Hay un viejo chiste -de cuño machirulo aunque apto para la deconstrucción feminista- que puede ilustrar el síndrome argento de la gestión franciscana en Roma hasta la fecha. Es aquel del tipo común que, en una isla desierta, se encuentra con una sex symbol mundial (los nombres varían según la época), y luego de tener sexo con ella, le pide una fantasía, que consiste en disfrazarla de varón. Entonces el afortunado hombre común fanfarronea ante su nuevo amigo: “¿A que no sabés a quién me estoy comiendo?”
Quitándole la temática sexual, el chiste ilustra la paradoja personal de la llegada de Jorge Bergoglio al Vaticano: desde el principio dio la impresión de que no estaba tan fascinado por el reconocimiento y el poder global que su nuevo cargo significaba, sino más bien que su goce del poder (humano al fin, como es natural) pasaba en realidad por la resurrección de su capacidad de lobby en la interna política argentina, don que había perdido bastante, pero que su sorpresivo nombramiento al frente de la Iglesia en todo el mundo potenció a niveles impensables.

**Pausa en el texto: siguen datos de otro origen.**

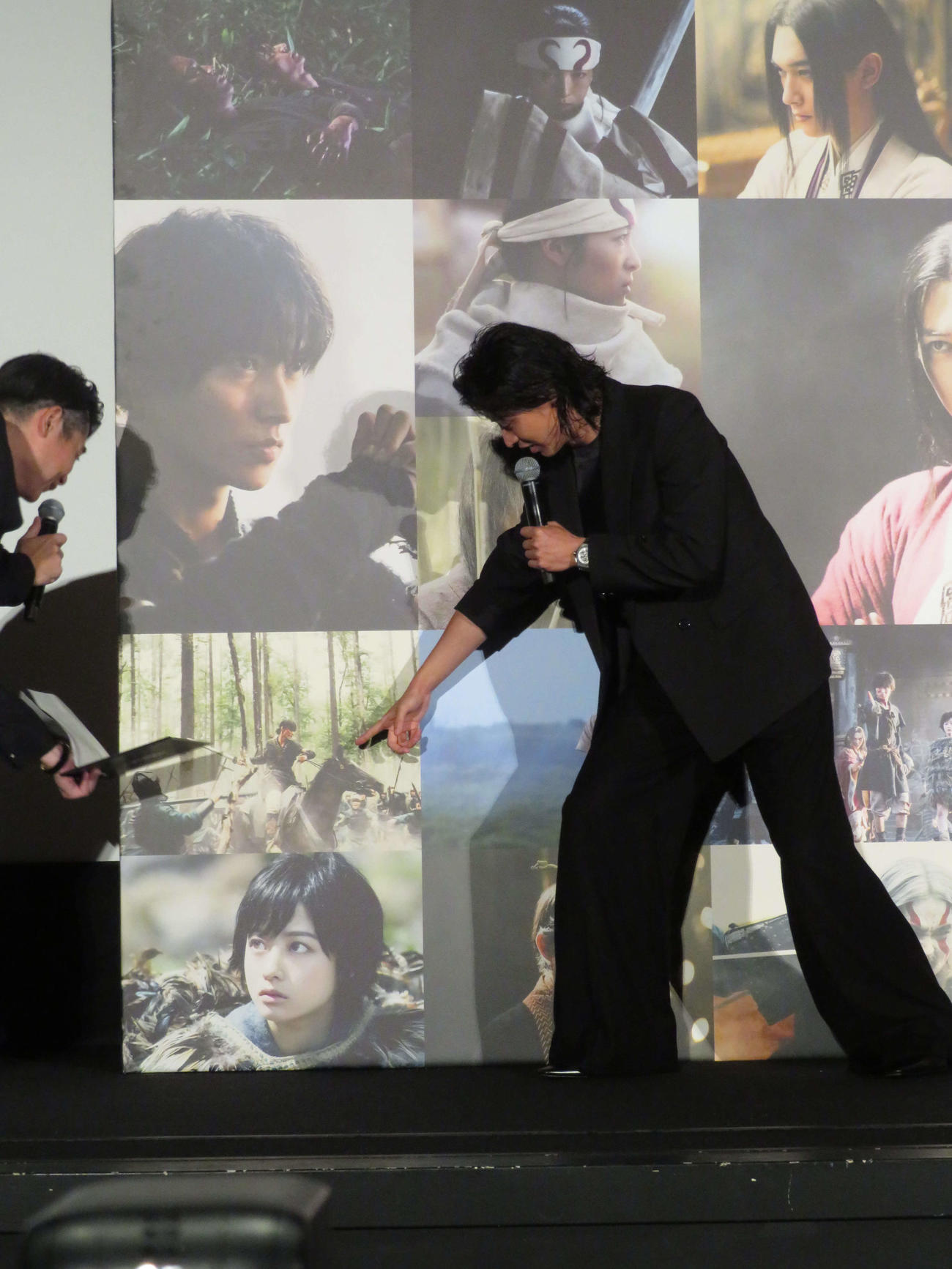 映画「キングダム　大将軍の帰還」大ヒット御礼舞台あいさつに登壇し、思い入れのあるシーン写真を指す山崎賢人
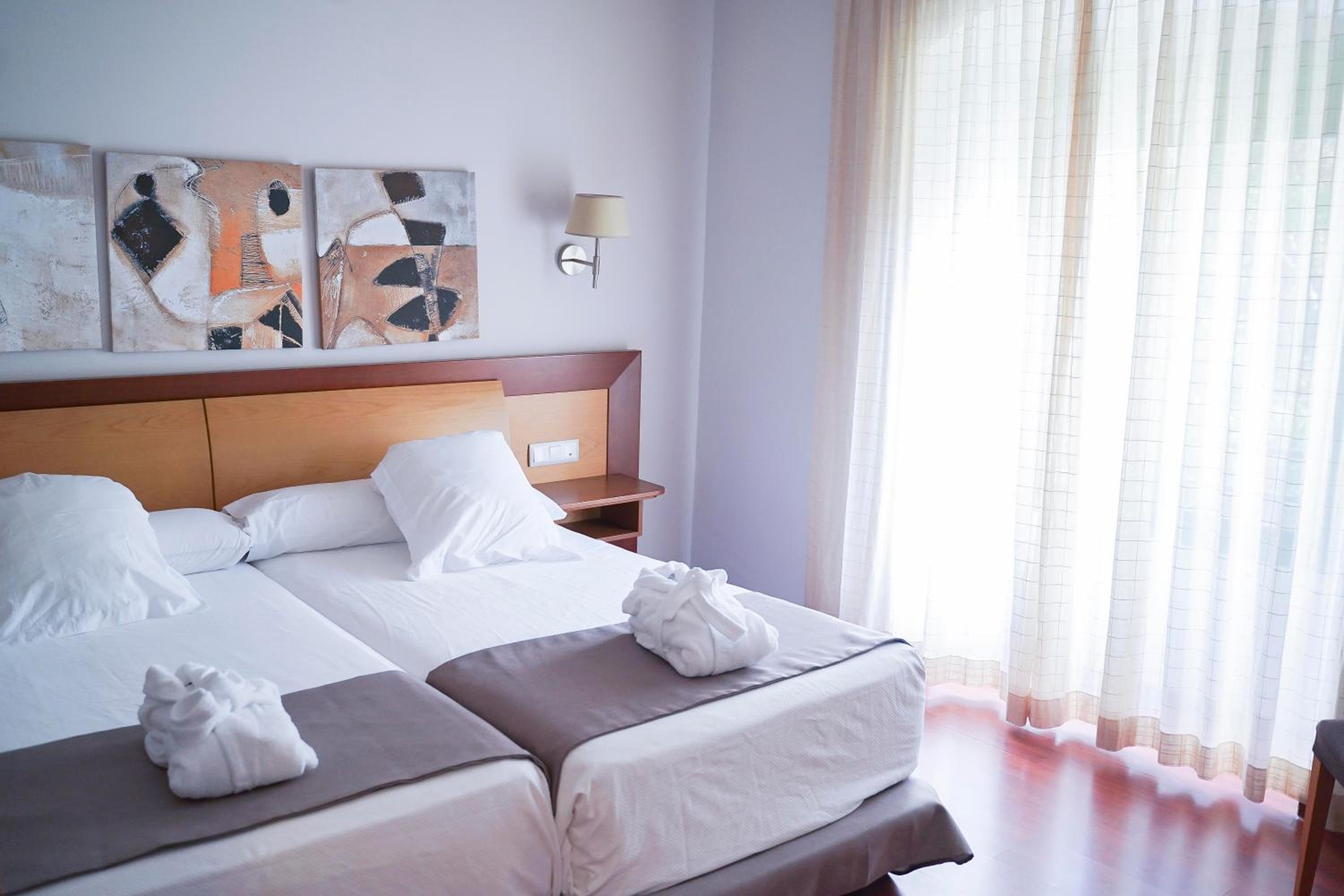 Double Room - Disability Access with Spa included photo 3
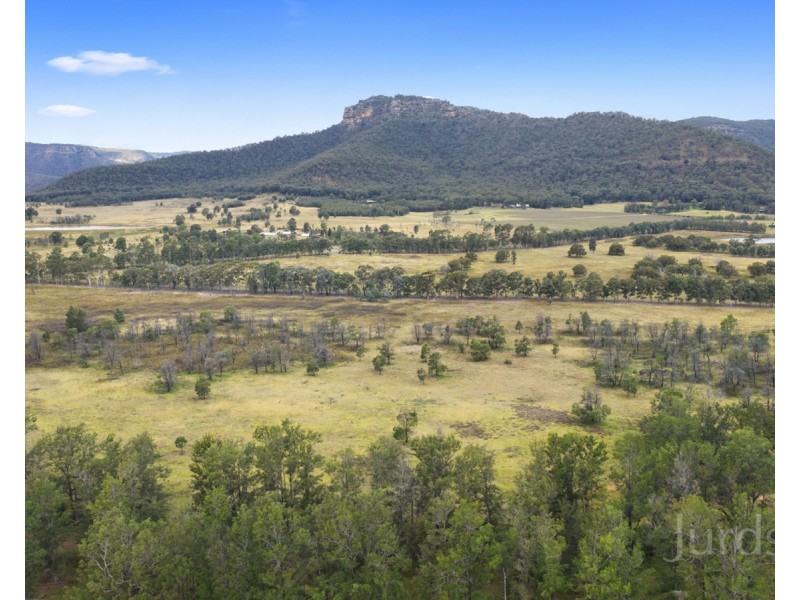 156 Wollombi Road, Broke NSW 2330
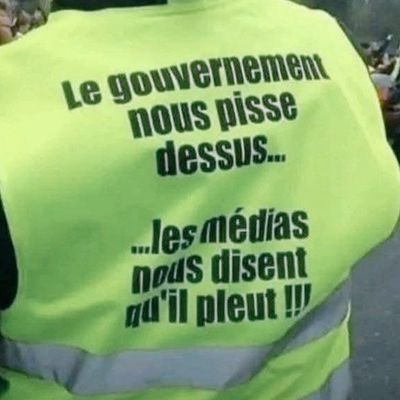 DDH, Mobilisateur Communautaire et passionné de la presse écrite
Correspondant rural du @SouverainLibre et @MtaaniFm.
@luchaRDC member
#StopFakeNews #PaixSocial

(Leer también: El Vaticano y el sexo)
Esta observación resiste la comprobación objetiva matemática. Si todos los países católicos hubieran enviado a Roma tantos dirigentes políticos y sociales como argentinos recibió Francisco, no hubieran alcanzado estos seis años de papado siquiera para cumplir con las audiencias pontificias. La reticencia del papa argentino a visitar su país no contradice esta mirada, solo demuestra su clara intención de no quedar atrapado como objeto de intereses políticos mezquinos. Siempre ha luchado Bergoglio por ser el sujeto del poder que le ha tocado ostentar, cuidándose de no ser agente pasivo del tráfico de influencias en torno a su figura. No le ha sido fácil. Aunque el papa es criticado por cierta prensa cada vez que recibe a un kirchnerista, la cosa cambia cuando los ungidos por la gracia pontificia son afines al macrismo. Atento a que tantas relaciones públicas entre Roma y Buenos Aires no afecten su credibilidad y que su palabra santa sea desacralizada por tanto vocero oportunista que prolifera por las viñas del señor, Francisco manda mensajes cada vez más contundentes para limitar tanta charla con influencers de la rosca argentina. Especialmente en un año electoral tan sediento de certezas.
Quizá ya sea demasiado tarde. Aunque Bergoglio tuvo muy claro desde que asumió su rol de limpiador de la putrefacta imagen institucional del Vaticano, acaso falló en el diagnóstico, un poco por su sesgo generacional, otro tanto por su adicción a la “vieja política” argentina. Bergoglio pensó que el lavado de cara que necesitaba de modo urgente la Iglesia tenía que ver con la bochornosa corrupción financiera que venía denunciando la prensa internacional, con derivaciones preocupantes en los tribunales y entre los fieles aportantes. De ahí sus famosos y viralizantes “gestos” de despojamiento material, que lo recortaron rápidamente de sus antecesores, más hedonistas a la hora de gastar en ornato eclesiástico. Bergoglio decidió ser el papa de los zapatones gastados. Tan humilde tenía que ser el nuevo jefe de una Iglesia corrupta que se llamaría Francisco, símbolo inequívoco de la pobreza militante.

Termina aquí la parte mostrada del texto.